Geographic arbitrage means using geography to your advantage, and using location ‘arbitrarily’ to get the same type of thing done. While some nomads like to maximize their time in Europe, I chose to focus our locations on where we could live the most affordably, while also bringing in American hourly salaries.

Unique inspirations

One of my first thoughts about working in a coworking space in Medellin, Colombia, was, “Wow, this is so much more inspiring than my New York office.”

My office in NYC was white, with gray carpeting, rows of desks and a few conference rooms. It was modern, but it wasn’t interesting.
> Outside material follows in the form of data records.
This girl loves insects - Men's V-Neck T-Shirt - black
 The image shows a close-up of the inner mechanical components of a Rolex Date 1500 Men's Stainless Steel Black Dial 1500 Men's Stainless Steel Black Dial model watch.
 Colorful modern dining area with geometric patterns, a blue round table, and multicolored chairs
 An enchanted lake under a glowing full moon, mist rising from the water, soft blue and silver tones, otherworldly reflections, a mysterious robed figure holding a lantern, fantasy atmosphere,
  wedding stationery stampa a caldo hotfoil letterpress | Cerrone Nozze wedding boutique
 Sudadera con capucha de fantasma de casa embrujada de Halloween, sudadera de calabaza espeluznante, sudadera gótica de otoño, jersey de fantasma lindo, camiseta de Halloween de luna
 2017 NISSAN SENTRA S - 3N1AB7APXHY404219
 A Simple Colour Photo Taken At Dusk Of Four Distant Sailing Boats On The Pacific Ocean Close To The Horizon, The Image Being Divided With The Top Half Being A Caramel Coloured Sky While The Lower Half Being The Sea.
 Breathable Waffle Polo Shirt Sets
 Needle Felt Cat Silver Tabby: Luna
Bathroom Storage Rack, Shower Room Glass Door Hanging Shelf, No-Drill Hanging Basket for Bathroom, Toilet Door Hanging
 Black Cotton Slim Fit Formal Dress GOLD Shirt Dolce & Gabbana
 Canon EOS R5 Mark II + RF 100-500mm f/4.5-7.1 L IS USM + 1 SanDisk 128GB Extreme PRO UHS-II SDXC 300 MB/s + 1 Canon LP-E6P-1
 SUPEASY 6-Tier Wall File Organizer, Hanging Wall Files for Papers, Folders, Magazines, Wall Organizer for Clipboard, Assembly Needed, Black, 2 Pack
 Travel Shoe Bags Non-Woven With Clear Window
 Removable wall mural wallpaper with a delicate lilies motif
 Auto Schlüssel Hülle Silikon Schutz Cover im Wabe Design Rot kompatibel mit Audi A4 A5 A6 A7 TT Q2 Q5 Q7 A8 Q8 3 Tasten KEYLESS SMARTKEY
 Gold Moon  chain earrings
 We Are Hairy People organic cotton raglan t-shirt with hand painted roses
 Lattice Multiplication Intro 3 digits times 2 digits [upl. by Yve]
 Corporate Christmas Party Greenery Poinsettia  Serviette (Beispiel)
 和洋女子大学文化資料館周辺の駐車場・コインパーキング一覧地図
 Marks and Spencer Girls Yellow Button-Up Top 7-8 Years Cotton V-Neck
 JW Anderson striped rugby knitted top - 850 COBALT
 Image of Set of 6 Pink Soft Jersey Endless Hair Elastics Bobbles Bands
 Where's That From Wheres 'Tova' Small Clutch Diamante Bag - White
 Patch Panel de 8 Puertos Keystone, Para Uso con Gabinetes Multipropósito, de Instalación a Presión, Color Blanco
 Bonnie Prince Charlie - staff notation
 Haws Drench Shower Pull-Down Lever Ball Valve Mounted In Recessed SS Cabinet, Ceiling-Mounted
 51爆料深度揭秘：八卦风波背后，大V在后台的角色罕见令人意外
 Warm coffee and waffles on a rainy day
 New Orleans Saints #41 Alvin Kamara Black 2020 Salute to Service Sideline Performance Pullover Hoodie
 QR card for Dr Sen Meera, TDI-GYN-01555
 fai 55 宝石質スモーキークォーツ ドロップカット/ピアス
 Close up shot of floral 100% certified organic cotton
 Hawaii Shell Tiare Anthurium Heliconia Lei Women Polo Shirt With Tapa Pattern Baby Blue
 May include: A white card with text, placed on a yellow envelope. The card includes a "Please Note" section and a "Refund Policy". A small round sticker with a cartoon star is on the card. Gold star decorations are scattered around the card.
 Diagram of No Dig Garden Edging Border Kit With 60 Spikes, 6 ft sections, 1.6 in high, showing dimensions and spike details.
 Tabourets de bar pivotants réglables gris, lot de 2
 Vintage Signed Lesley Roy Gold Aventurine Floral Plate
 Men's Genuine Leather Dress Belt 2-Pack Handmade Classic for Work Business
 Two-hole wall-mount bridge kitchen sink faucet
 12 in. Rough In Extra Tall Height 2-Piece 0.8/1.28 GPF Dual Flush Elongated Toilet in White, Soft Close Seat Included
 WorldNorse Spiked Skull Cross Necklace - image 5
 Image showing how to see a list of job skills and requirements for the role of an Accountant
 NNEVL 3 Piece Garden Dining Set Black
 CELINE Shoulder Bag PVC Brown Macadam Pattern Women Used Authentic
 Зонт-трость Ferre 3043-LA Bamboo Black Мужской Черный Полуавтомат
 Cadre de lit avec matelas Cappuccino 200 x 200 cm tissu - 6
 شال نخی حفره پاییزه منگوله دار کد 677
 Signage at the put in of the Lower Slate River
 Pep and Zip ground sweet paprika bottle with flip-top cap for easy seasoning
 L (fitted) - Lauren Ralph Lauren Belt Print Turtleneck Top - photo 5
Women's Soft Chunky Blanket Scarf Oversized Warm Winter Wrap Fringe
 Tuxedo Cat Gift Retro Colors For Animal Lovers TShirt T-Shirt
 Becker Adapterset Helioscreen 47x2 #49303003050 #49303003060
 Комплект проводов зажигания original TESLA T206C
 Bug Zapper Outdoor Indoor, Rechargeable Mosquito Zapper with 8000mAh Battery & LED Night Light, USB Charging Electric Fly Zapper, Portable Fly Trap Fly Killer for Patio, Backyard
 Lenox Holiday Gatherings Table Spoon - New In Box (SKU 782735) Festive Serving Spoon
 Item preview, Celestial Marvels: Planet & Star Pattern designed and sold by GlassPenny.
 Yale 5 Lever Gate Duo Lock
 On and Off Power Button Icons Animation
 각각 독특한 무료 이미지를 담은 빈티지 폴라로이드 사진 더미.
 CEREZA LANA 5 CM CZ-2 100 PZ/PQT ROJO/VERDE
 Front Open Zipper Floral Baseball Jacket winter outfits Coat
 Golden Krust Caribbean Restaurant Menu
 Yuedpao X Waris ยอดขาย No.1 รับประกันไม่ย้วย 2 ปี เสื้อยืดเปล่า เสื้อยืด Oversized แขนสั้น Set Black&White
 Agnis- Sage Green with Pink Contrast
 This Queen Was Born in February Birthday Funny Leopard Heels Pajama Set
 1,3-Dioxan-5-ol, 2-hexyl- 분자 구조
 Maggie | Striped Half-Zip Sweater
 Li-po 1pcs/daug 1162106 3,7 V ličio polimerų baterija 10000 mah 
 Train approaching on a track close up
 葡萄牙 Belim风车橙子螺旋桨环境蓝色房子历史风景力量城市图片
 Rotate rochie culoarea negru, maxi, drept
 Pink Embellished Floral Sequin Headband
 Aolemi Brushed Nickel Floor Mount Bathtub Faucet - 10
In Medellin, I was doing the same work from my laptop, but I was listening to the river running in a nearby creek, next to giant leafy greenery, and working next to people from around the world doing various types of jobs on their laptops. I considered moving my hot desk to another area, like the outdoor patio that felt almost like a treehouse, or the quiet yoga room upstairs with a window to the roof. I was inspired.

I used this inspiration to fuel my creativity in powering this blog, growing a business and thinking of new ways to network. I felt like the world was my oyster.

Solving burnout and escaping the grind

A lot of people suffer from burnout, and that’s exactly the thing that pushes them to take a leap of faith and start a digital nomad journey. It’s what happened to me, and so many others that I met while we were on the road.

Burnout happens from working too much, commuting too much and feeling drained too much. Of course, taking the same job but to a different location won’t solve your work problems (it may make them worse or exacerbated).

But having the variety of new surroundings, the ability to make new friends, have new experiences and see more cultures makes your brain perk up a bit. And that’s why I like being a digital nomad.